Problem details: When the line with "Wildwood Guitars •" turns up below, begin repeating exactly, and carry on through the line with "Miniexcavadoras Hidráulicas Somate"; no pictures go into the copy.

Task data:

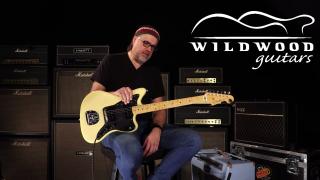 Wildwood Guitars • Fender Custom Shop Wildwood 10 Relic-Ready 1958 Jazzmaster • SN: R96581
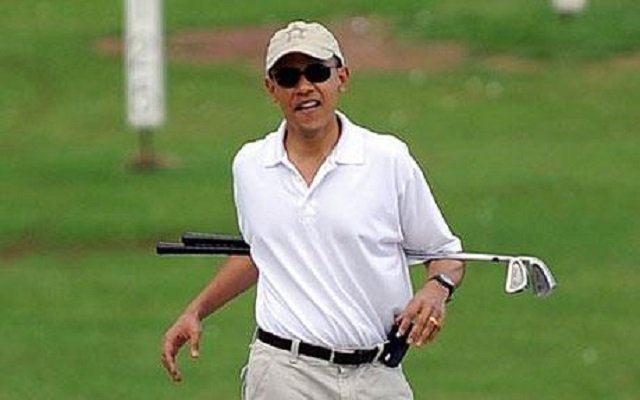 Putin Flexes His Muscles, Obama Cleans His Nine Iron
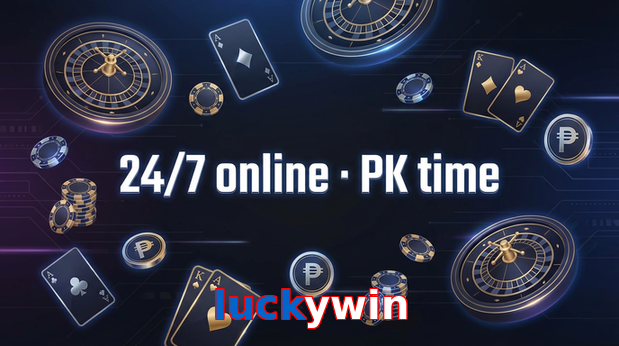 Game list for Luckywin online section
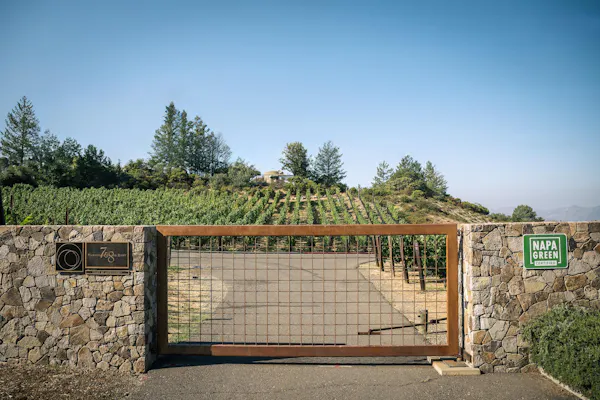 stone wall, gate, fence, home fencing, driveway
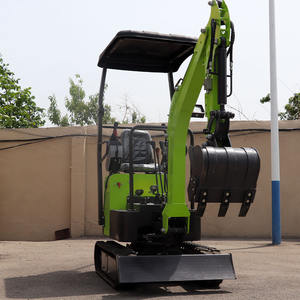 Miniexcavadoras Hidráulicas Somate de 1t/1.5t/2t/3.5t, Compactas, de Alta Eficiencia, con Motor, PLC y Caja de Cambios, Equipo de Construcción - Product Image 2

---

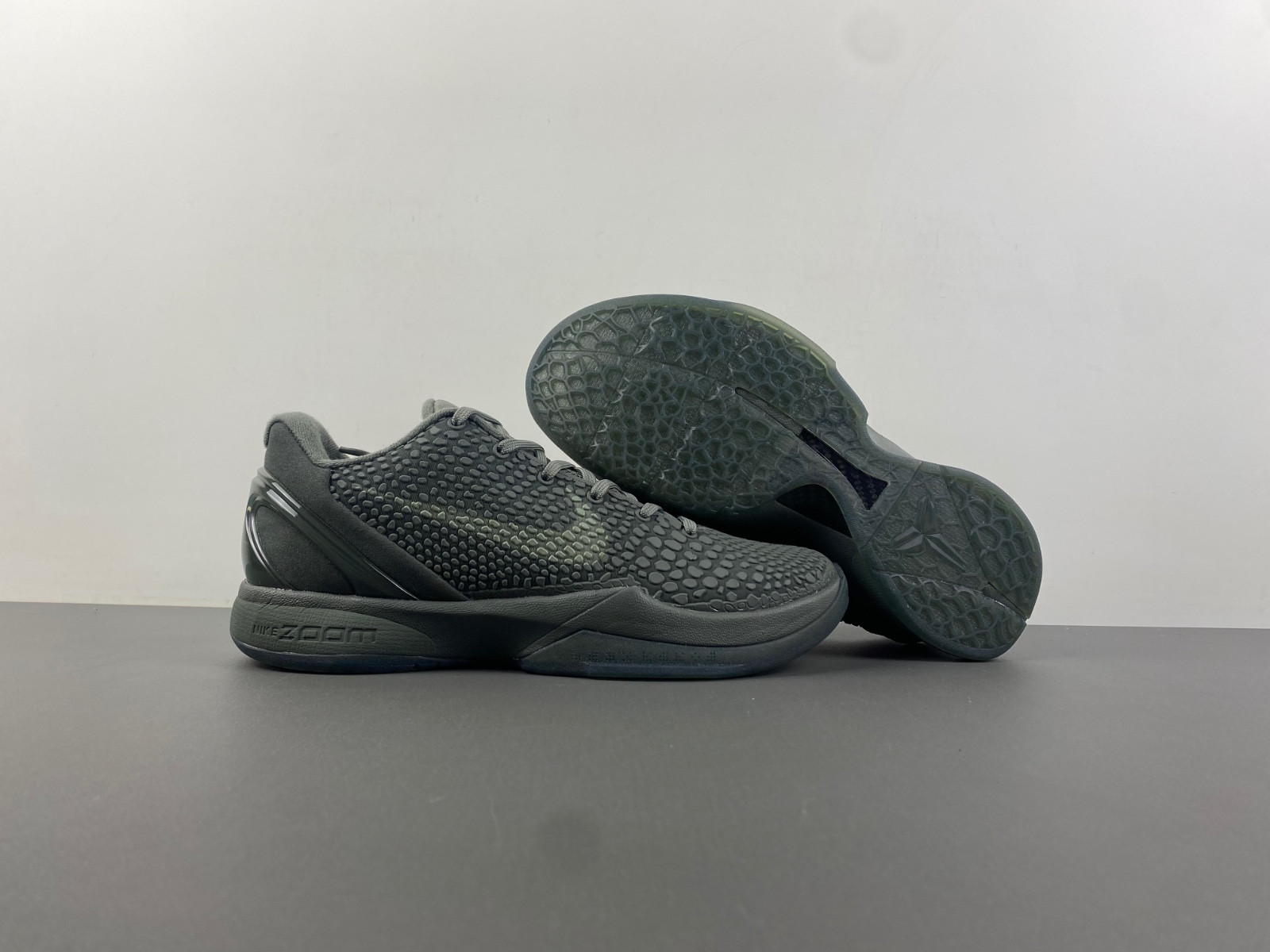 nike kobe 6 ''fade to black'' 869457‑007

Written solution:
 Wildwood Guitars • Fender Custom Shop Wildwood 10 Relic-Ready 1958 Jazzmaster • SN: R96581
 Putin Flexes His Muscles, Obama Cleans His Nine Iron
 Game list for Luckywin online section
 stone wall, gate, fence, home fencing, driveway
 Miniexcavadoras Hidráulicas Somate de 1t/1.5t/2t/3.5t, Compactas, de Alta Eficiencia, con Motor, PLC y Caja de Cambios, Equipo de Construcción - Product Image 2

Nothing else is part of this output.